Review: Travelling Light

Culture
January 20, 2012
  • Rating: ★★★★☆
The National Theatre
The South Bank

Nicholas Wright’s play about an East European village discovering the wonders of film is nifty parallel of the Hollywood machine: the director’s vision is blocked at every turn by the financier; the public are easily bored and quick to criticise, and sexual tensions threaten to derail the whole project.

It sees an ageing Hollywood director, Jewish immigrant Maurice Montgomery, looking back over his formative years as an earnest young filmmaker in a run-down shtetl.

The whole village becomes involved in the creation of his movies, happening upon filming techniques like jump cuts for the first time, with the grainy results projected onto the wall of a local house. Wright’s script brings to mind Jonathan Safran Foer’s novel Everything is Illuminated, not only in its setting but also its neat way of tying up loose ends.

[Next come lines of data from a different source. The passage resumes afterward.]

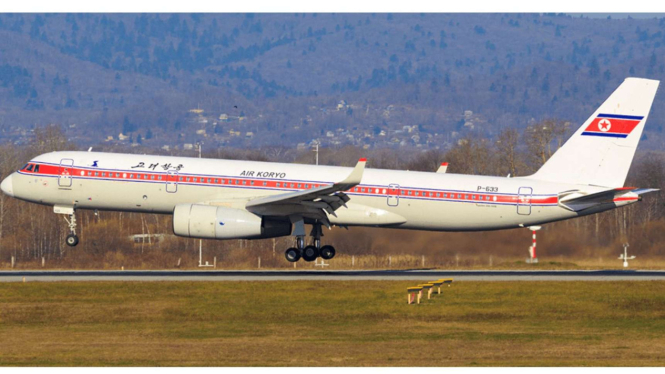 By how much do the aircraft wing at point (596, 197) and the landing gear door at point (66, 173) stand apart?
21503 mm

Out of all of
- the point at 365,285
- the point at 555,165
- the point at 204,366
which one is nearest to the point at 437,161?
the point at 555,165

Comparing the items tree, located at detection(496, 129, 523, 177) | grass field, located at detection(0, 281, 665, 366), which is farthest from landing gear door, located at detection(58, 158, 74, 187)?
tree, located at detection(496, 129, 523, 177)

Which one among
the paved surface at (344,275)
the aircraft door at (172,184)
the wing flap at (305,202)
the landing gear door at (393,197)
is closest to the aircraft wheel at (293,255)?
the paved surface at (344,275)

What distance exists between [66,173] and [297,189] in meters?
10.3

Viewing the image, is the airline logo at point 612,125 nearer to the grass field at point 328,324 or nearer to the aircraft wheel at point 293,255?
the grass field at point 328,324

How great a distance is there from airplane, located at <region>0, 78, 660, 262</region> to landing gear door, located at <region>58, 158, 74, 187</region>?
44mm

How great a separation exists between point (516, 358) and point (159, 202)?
914 inches

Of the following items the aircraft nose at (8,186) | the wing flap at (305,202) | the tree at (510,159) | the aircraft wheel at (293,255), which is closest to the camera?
the wing flap at (305,202)

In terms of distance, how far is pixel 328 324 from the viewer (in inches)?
1506

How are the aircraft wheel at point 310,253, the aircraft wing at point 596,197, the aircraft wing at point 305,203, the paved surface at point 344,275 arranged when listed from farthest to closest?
1. the aircraft wheel at point 310,253
2. the aircraft wing at point 596,197
3. the paved surface at point 344,275
4. the aircraft wing at point 305,203

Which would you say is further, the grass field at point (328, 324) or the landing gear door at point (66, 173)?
the landing gear door at point (66, 173)

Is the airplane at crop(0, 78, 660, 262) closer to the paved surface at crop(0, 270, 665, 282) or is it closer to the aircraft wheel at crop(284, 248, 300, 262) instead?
the aircraft wheel at crop(284, 248, 300, 262)

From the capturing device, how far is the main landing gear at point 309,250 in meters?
50.3

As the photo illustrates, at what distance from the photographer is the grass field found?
32.1 m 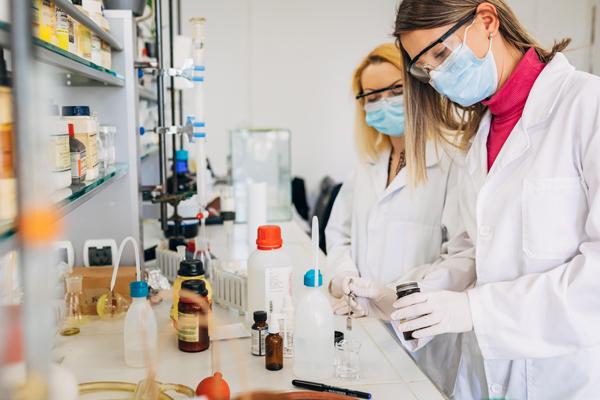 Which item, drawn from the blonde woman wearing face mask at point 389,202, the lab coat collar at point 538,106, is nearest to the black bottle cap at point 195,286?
the blonde woman wearing face mask at point 389,202

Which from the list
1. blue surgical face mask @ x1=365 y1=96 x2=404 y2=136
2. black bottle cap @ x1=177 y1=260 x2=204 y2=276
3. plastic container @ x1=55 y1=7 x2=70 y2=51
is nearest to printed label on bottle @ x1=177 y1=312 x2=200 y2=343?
black bottle cap @ x1=177 y1=260 x2=204 y2=276

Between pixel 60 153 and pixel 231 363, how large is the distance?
61cm

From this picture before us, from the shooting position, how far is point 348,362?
4.10 feet

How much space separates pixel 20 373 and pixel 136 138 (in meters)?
1.43

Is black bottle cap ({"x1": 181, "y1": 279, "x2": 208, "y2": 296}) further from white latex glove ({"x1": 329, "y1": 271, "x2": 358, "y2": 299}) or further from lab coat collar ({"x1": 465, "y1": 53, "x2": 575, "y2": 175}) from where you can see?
lab coat collar ({"x1": 465, "y1": 53, "x2": 575, "y2": 175})

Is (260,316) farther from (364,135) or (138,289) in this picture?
(364,135)

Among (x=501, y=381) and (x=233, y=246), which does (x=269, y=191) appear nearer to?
(x=233, y=246)

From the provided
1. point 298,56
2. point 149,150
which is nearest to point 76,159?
point 149,150

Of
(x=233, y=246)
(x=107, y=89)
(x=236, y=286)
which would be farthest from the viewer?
(x=233, y=246)

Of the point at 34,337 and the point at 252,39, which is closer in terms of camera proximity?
the point at 34,337

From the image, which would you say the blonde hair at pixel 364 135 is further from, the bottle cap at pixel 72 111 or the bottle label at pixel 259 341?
the bottle cap at pixel 72 111

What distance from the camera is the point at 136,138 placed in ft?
6.05

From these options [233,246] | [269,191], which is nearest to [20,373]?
[233,246]

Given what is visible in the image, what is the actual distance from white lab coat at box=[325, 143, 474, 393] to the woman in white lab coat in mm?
242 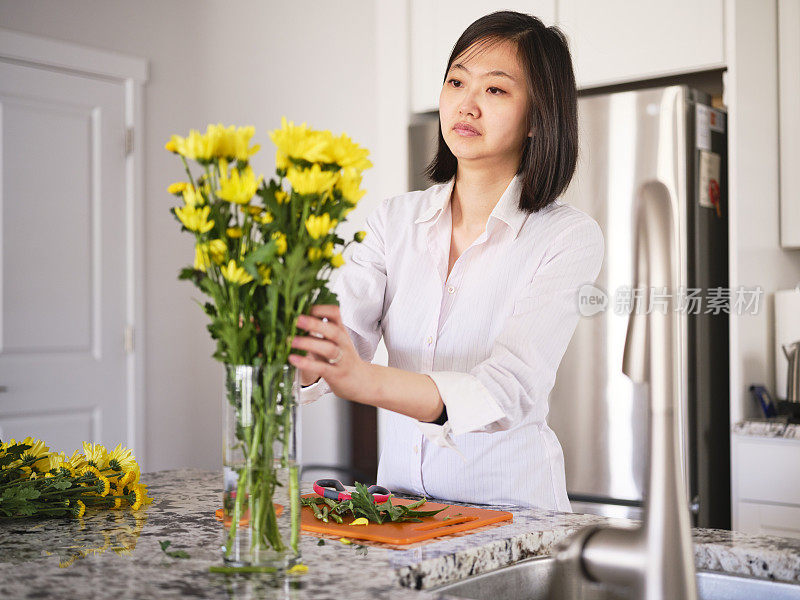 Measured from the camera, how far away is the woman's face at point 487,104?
1.42 m

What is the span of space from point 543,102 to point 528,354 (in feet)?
1.47

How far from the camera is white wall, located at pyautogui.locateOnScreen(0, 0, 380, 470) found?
375 cm

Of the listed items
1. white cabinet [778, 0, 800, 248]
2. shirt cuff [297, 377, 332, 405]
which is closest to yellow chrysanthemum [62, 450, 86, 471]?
shirt cuff [297, 377, 332, 405]

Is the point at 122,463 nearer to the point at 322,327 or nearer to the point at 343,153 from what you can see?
Result: the point at 322,327

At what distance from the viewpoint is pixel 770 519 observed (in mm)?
2428

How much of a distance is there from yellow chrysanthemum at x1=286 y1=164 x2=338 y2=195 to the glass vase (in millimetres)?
163

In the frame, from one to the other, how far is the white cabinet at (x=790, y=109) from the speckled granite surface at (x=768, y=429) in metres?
0.61

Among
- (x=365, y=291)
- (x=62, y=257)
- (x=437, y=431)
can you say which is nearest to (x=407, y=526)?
(x=437, y=431)

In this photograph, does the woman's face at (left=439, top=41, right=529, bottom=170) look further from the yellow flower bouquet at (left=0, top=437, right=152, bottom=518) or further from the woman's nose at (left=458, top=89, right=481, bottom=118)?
the yellow flower bouquet at (left=0, top=437, right=152, bottom=518)

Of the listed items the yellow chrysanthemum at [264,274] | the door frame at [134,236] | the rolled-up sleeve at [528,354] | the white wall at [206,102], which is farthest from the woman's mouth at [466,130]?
the door frame at [134,236]

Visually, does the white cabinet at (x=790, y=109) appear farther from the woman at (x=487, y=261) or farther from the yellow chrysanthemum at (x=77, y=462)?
the yellow chrysanthemum at (x=77, y=462)

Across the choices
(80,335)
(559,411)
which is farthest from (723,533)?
(80,335)

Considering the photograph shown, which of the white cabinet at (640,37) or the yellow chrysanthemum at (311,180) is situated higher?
the white cabinet at (640,37)

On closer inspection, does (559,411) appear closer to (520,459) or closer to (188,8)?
(520,459) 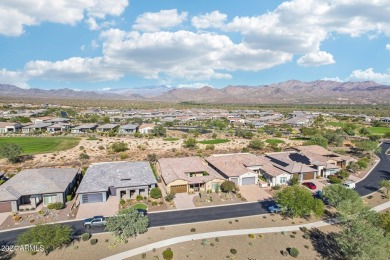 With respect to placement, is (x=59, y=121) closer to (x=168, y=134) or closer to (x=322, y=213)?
(x=168, y=134)

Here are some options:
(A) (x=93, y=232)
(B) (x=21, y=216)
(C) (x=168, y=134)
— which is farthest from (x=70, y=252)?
(C) (x=168, y=134)

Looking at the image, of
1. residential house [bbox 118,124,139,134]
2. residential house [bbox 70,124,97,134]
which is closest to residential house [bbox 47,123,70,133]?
residential house [bbox 70,124,97,134]

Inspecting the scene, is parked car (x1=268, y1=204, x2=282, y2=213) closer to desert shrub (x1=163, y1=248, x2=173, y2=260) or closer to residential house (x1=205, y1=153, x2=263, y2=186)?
residential house (x1=205, y1=153, x2=263, y2=186)

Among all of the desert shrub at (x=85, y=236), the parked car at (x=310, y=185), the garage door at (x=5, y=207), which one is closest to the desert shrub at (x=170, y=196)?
the desert shrub at (x=85, y=236)

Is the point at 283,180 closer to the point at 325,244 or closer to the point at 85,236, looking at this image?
the point at 325,244

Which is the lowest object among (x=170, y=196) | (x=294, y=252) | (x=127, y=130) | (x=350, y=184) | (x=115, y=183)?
(x=294, y=252)

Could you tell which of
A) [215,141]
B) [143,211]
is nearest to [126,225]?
[143,211]

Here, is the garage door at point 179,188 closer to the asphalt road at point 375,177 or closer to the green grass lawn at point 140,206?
the green grass lawn at point 140,206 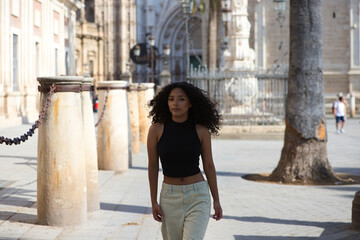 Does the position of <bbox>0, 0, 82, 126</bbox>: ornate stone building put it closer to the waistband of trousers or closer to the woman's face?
the woman's face

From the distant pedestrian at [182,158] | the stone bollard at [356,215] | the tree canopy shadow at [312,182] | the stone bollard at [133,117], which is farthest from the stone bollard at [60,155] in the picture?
the stone bollard at [133,117]

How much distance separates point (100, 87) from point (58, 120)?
17.3 feet

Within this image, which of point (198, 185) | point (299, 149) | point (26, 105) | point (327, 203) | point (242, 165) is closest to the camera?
point (198, 185)

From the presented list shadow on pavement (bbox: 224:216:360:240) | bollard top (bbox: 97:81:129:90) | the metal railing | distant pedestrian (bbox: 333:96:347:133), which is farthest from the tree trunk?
distant pedestrian (bbox: 333:96:347:133)

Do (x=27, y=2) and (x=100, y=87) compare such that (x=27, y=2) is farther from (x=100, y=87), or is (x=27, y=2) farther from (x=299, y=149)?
(x=299, y=149)

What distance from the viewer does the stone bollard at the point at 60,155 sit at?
23.3ft

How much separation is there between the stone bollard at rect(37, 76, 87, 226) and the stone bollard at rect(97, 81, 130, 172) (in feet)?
16.1

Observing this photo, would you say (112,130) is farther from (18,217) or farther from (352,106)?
(352,106)

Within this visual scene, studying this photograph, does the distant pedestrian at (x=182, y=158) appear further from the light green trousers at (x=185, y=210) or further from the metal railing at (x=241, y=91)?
the metal railing at (x=241, y=91)

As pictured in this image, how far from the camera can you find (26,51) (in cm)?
2581

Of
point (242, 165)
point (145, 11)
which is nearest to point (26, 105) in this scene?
point (242, 165)

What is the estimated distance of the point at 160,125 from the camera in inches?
187

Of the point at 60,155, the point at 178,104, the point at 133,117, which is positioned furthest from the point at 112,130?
the point at 178,104

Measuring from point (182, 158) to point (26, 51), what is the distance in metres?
22.0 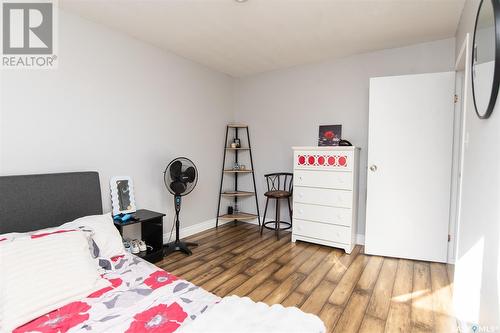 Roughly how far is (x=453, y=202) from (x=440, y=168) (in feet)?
1.17

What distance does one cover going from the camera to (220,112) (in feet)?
13.0

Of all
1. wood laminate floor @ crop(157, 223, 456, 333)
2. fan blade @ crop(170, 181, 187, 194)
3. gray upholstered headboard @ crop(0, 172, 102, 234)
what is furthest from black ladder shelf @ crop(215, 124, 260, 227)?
gray upholstered headboard @ crop(0, 172, 102, 234)

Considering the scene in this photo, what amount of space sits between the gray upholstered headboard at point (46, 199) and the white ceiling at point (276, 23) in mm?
1446

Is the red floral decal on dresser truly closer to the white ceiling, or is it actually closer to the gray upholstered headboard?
the white ceiling

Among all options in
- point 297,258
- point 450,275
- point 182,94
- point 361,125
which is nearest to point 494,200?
point 450,275

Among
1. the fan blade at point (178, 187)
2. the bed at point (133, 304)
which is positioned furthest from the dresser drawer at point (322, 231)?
the bed at point (133, 304)

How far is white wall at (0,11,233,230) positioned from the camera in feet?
6.58

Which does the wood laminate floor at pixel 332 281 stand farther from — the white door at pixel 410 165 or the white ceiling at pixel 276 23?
the white ceiling at pixel 276 23

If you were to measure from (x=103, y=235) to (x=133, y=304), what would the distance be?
0.71 meters

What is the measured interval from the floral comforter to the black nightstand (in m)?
1.02

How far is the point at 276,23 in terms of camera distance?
7.96 ft

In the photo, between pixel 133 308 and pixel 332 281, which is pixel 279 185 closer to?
pixel 332 281

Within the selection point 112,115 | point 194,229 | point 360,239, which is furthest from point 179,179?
point 360,239

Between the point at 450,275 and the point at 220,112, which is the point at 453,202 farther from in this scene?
the point at 220,112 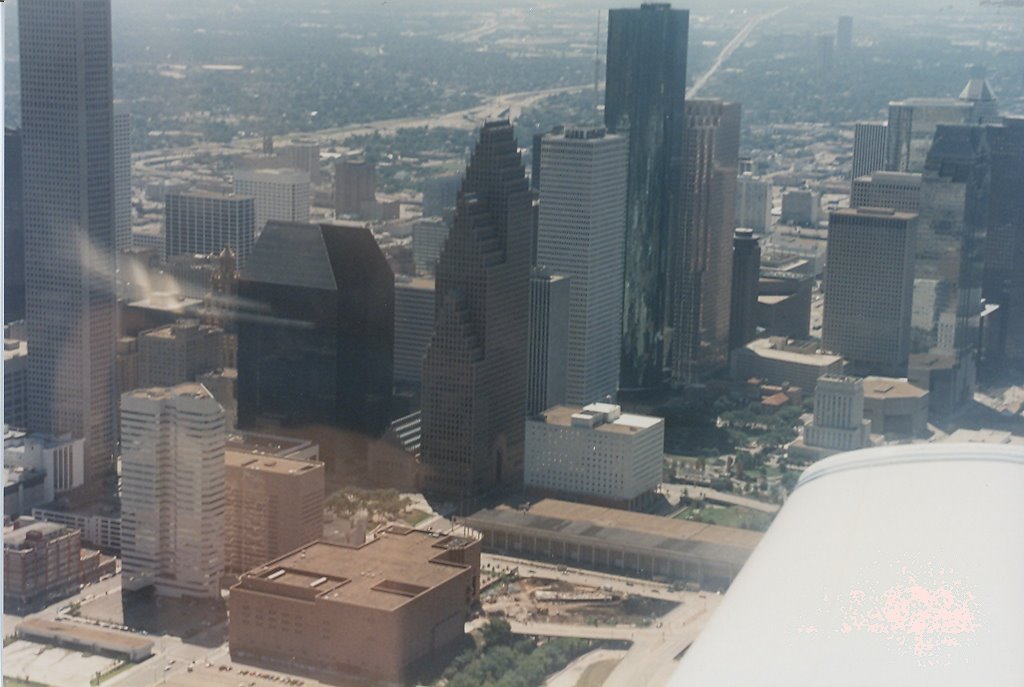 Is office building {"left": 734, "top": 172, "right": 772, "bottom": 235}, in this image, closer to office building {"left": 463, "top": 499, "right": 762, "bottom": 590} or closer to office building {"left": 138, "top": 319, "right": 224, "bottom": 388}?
office building {"left": 463, "top": 499, "right": 762, "bottom": 590}

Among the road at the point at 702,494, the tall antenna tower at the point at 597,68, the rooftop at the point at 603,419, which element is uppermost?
the tall antenna tower at the point at 597,68

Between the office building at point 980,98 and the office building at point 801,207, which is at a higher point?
the office building at point 980,98

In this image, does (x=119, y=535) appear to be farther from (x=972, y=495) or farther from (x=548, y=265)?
(x=972, y=495)

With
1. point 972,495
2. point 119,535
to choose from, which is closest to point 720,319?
point 119,535

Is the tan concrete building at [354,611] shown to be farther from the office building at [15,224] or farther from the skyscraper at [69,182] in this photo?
the office building at [15,224]

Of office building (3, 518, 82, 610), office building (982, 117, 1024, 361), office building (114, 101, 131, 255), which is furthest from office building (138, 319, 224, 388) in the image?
office building (982, 117, 1024, 361)

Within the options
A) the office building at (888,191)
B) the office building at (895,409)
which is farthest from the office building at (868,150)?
the office building at (895,409) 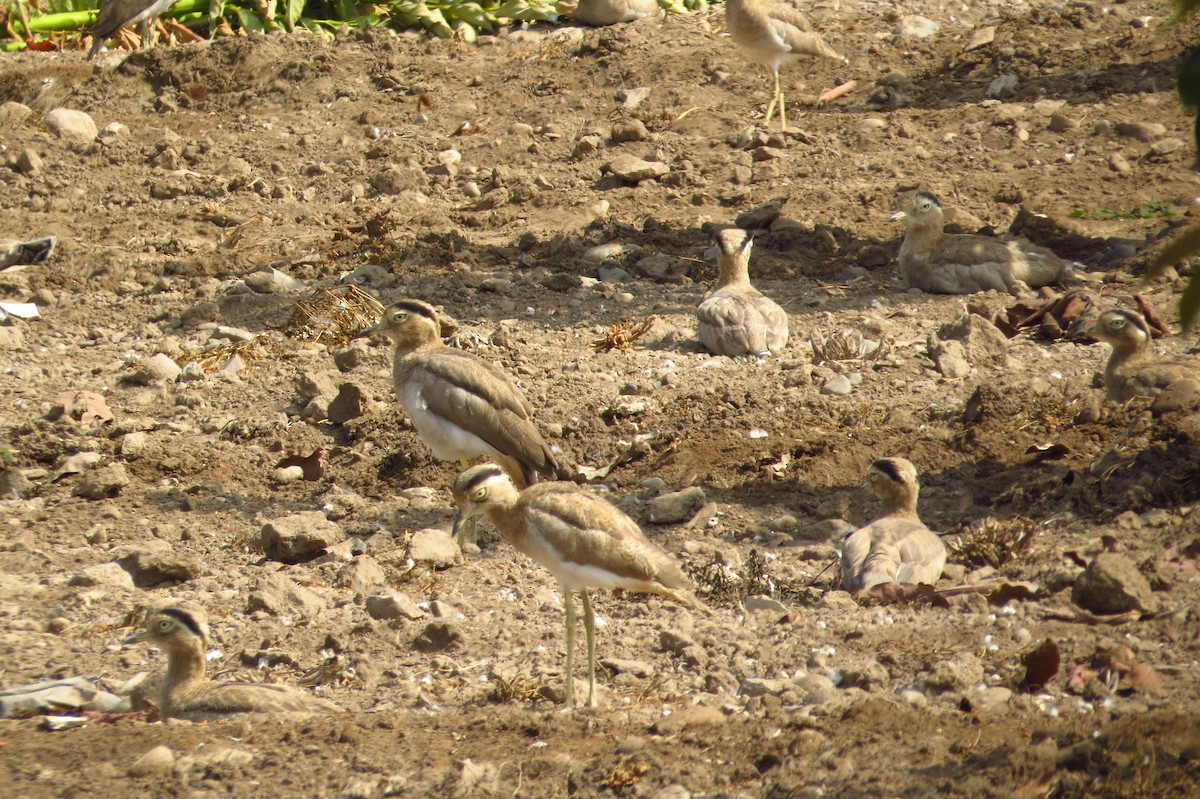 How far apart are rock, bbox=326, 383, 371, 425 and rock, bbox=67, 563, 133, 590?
85.3 inches

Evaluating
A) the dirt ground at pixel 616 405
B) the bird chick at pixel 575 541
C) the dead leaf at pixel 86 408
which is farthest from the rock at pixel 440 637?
the dead leaf at pixel 86 408

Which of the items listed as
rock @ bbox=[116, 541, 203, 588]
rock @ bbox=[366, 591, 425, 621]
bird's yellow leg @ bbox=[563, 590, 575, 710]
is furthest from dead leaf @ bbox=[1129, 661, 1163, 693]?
rock @ bbox=[116, 541, 203, 588]

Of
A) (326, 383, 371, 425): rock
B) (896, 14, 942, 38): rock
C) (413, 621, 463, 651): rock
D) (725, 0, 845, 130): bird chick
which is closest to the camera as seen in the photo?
(413, 621, 463, 651): rock

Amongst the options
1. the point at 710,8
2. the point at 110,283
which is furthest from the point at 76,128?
the point at 710,8

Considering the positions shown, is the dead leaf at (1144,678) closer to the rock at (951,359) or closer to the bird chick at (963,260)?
the rock at (951,359)

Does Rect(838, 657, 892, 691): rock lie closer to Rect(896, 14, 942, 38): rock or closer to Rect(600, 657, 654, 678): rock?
Rect(600, 657, 654, 678): rock

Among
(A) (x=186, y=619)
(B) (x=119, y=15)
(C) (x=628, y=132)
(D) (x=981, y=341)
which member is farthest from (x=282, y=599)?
(B) (x=119, y=15)

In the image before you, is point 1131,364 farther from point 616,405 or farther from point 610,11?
point 610,11

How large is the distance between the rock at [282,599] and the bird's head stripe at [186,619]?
0.75 metres

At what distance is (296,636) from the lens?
6.78 m

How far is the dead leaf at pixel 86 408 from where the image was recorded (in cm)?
934

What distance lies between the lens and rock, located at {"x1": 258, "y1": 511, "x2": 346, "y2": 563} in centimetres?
764

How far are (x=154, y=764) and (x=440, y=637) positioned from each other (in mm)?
1744

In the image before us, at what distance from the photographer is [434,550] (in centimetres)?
760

Mark Extance puts in a solid performance as the flimsy young director but it is Antony Sher as the unlikely timber merchant-come-financier who commands the stage. He imbues the illiterate, lustful Jacob with enough humanity to make him a lovable oaf and his explosive performance is the focal point of a busy stage.

The set is lovingly crafted; a sparse but homely building complete with smoking chimney, overlooked by rickety wooden rooves. Taking centre stage is the Lumiere Brothers cinematograph – the device that makes the magic happen.

At heart Wright’s play is a love-letter to the moving picture, and a very good one at that.